# Neural Networks

Neural network is largely considered as the state-of-the-art approach to machine learning, but it should be noted that neural networks is not a single method, such as Logistic Regression or SVMs, but comes in various flavors and forms. Here we develop the theory from the simplest form, a single neuron - perceptron, to a complete ML paradigm called "deep learning".

## A single neuron - "Perceptron"

Perceptron represents a single neuron and gives its name to neural networks, i.e. a network of multiple interconnected neurons. Its a function that maps inputs, such as $x_1$ and $x_2$ plus bias $-1$, to the desired output $y$, through nonlinear mapping such as logistic sigmoid, i.e. $y=logsig(w_1x_1+w_2x_2-w_0)$. The neuron "learns" from training data by adjusting its weights, $\vec{w}=(w_0, w_1, w_2)^T$, through gradient descent.
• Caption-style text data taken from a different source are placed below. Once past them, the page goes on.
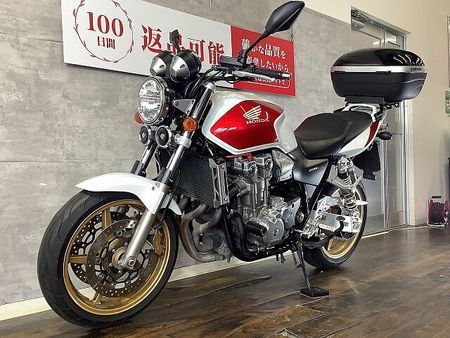 ホンダ CB1300スーパーフォア CB1300SF リアボックス付き ステップカスタム 3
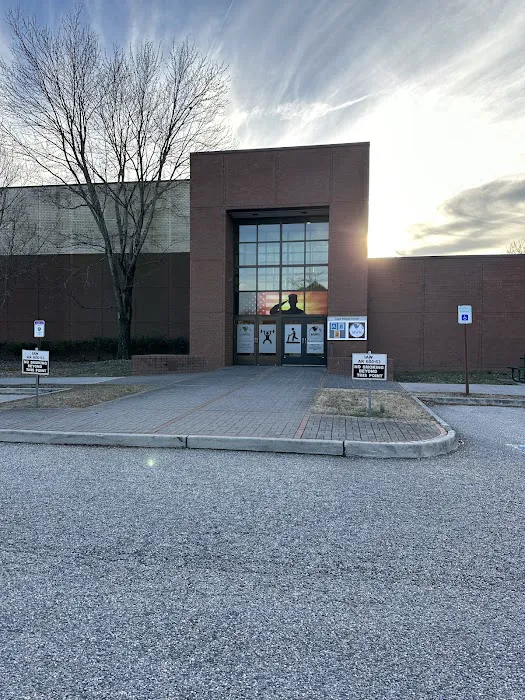 Clark Gym Picture 9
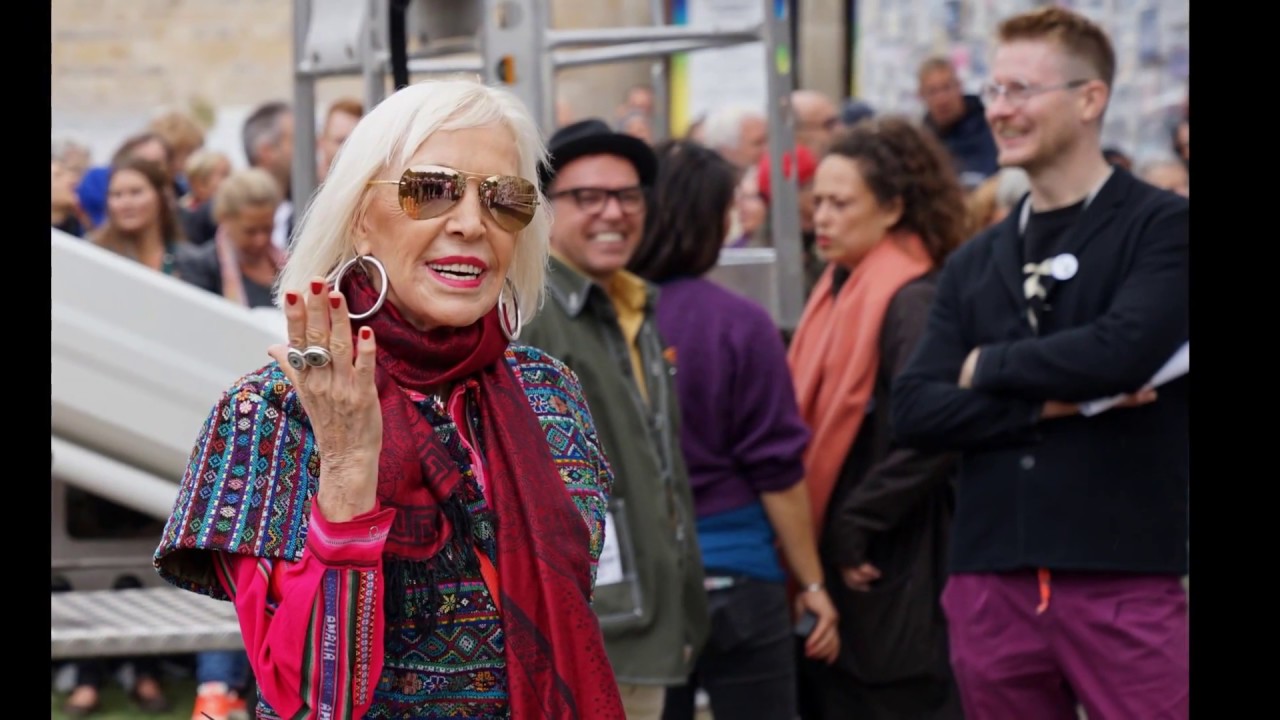 documenta 14 Abschlussfeier auf dem Parthenon of Books mit Marta Minujín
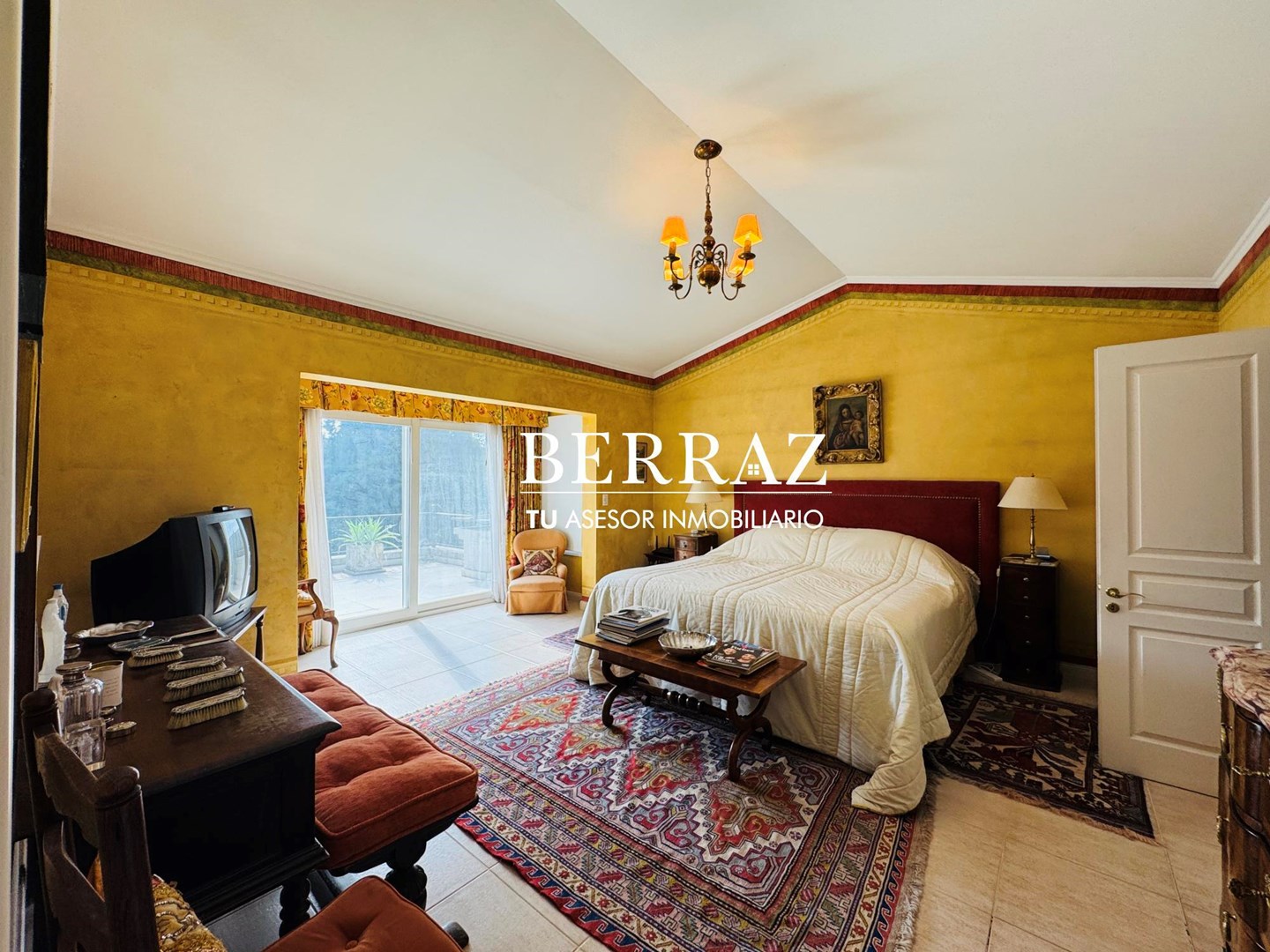 Casa Venta 7 Dormitorios Barrio La Lomada Lote de 1283 m2 Pilar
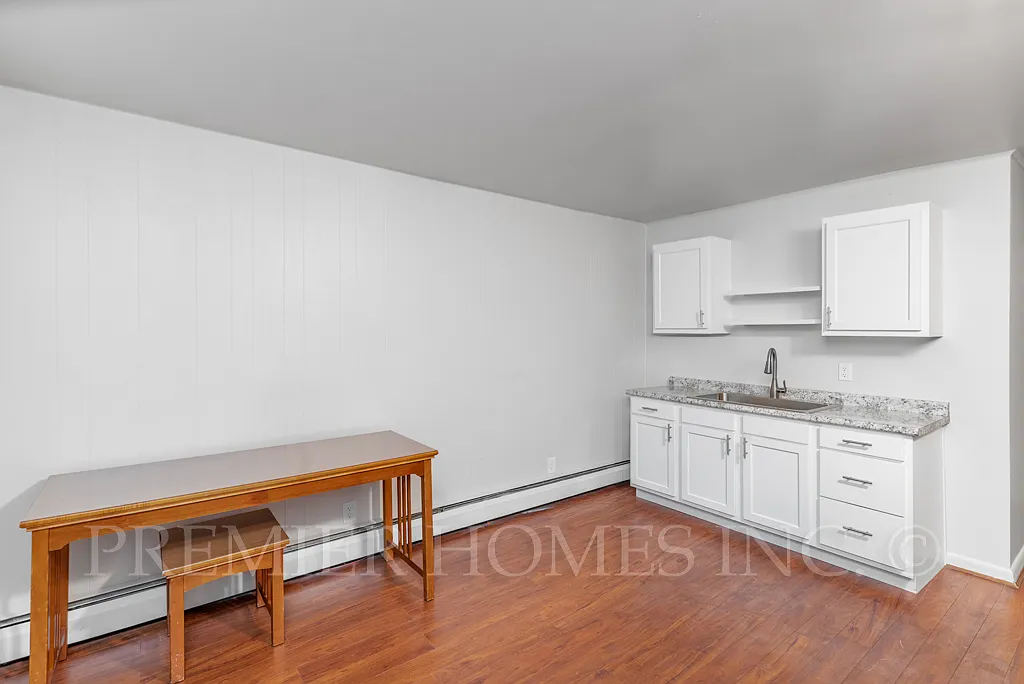 Studio, 450 sqft, $795 — Photo 4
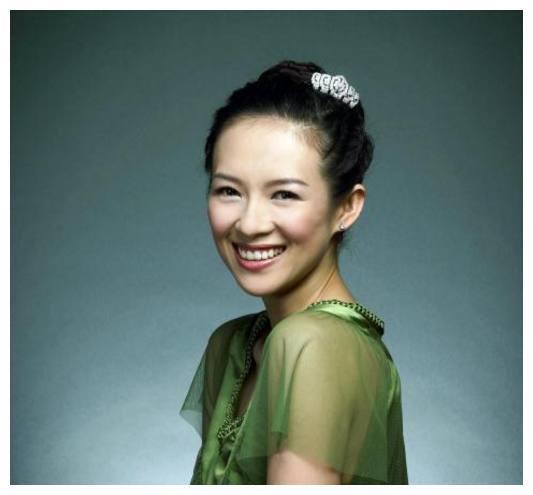 章子怡在微博分享了与女儿醒醒之间的趣事，却给网友留下5大疑问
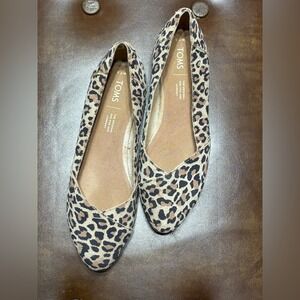 Toms Leopard Print Flats in Tan, Black, Brown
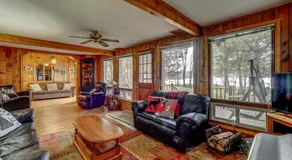 Lovely waterfront private cottage with hot tub in Kawartha Lakes - Image 3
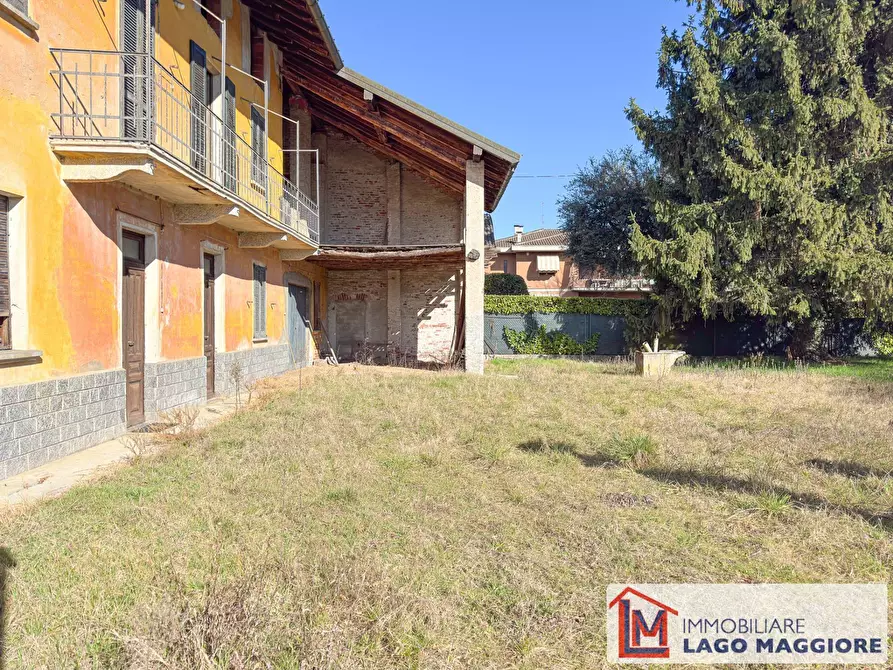 Immagine 8 di Casa indipendente in vendita  in Via Milano 43 a Angera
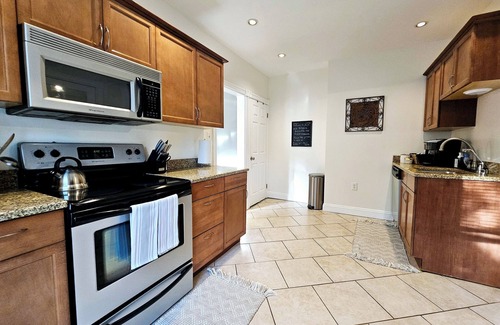 Butztown House | 🏡Cozy Escape, Firepit 🔥Games & Trail 2BR Family Stay – 15% Off Midweek!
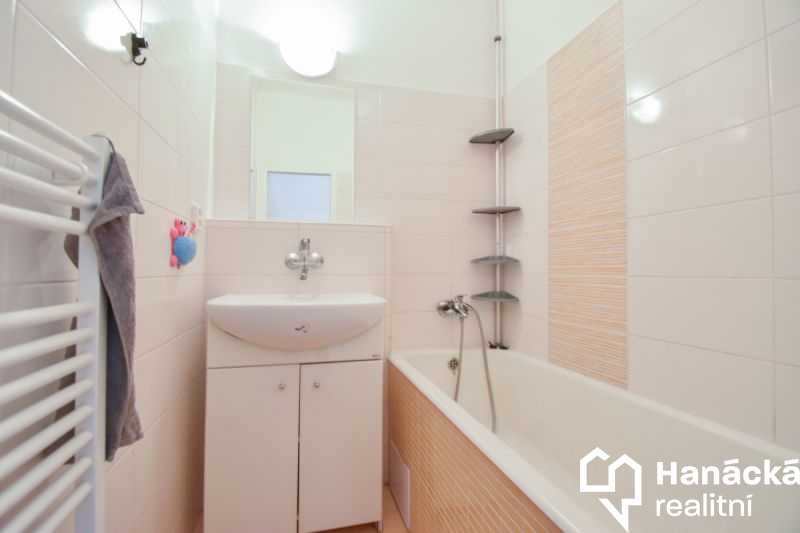 Pronájem cihlového bytu 2+1 v Olomouci, ulice Kašt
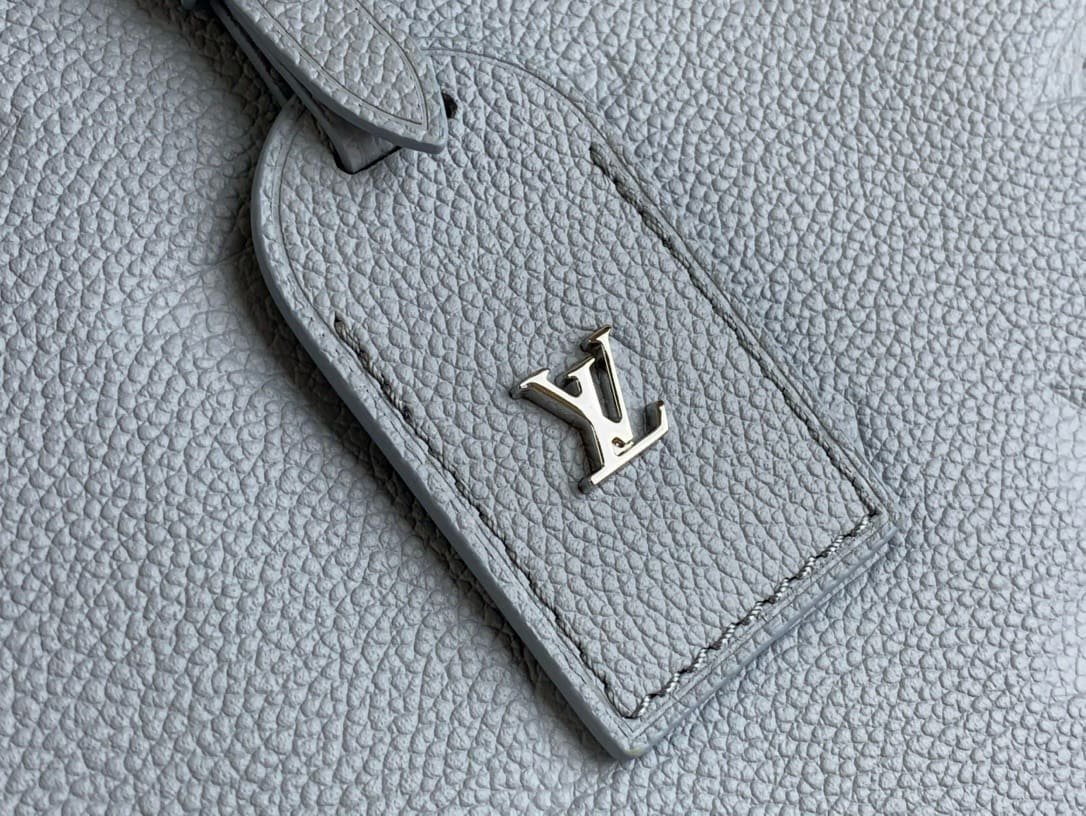 L0vis Vvtt0n M46673 CarryAll PM
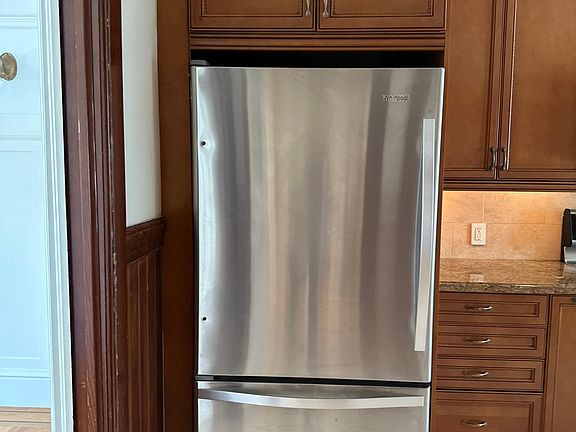 2nd image of 2655 Franklin St APT 3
### Demo: Training a single neuron to represent $x_1$ OR $x_2$ logical function
Let's train a single neuron using the gradient rules derived in the lectures. In this example you should try different values for the learning rate and initialization of the network weights. The both affect to speed of convergence.

In [None]:
import numpy as np
import math
import matplotlib.pyplot as plt

# Training data is x_1 OR x_2 function
x = np.array([[0,0],[1,0],[1,1],[0,1]])
y = np.array([[0,1,1,1]]).T

# Training parameters
w_t = [0,0,0] # w1 w2 w0 - good practice is to initialize random (test: [-10,0,0] [-100,0,0])
num_of_epochs = 1000
learning_rate = 0.5

def sigmoid(x):
  return 1 / (1 + math.exp(-x))

MSE = np.zeros([num_of_epochs,1])
for e in range(num_of_epochs):
    for n in range(x.shape[0]):
        y_hat = sigmoid(w_t[0]*x[n,0] + w_t[1]*x[n,1] - w_t[2])
        sigma_sigmoid = sigmoid(y_hat)*(1-sigmoid(y_hat))
        
        sigma_w1 = -2*(y[n]-y_hat)*sigma_sigmoid*x[n,0]
        sigma_w2 = -2*(y[n]-y_hat)*sigma_sigmoid*x[n,1]
        sigma_w0 = 2*(y[n]-y_hat)*sigma_sigmoid

        w_t[0] = w_t[0] - learning_rate*sigma_w1
        w_t[1] = w_t[1] - learning_rate*sigma_w2
        w_t[2] = w_t[2] - learning_rate*sigma_w0
 
    y_h = np.zeros([x.shape[0],1])
    for n in range(x.shape[0]):
        y_h[n] = sigmoid(w_t[0]*x[n,0] + w_t[1]*x[n,1] - w_t[2])
    MSE[e] = np.sum((y-y_h)**2)

print(w_t)
for n in range(x.shape[0]):
    y_h[n] = sigmoid(w_t[0]*x[n,0] + w_t[1]*x[n,1] - w_t[2])
    print(f'GT: y({n})={y[n]} ; Pred: y_h({n})={y_h[n]}')
plt.plot(range(num_of_epochs),MSE)
plt.show()

## A full-connected network

A full-connected neural network ala "Multi-layer Perceptron" is the vanilla ice cream of neural computation.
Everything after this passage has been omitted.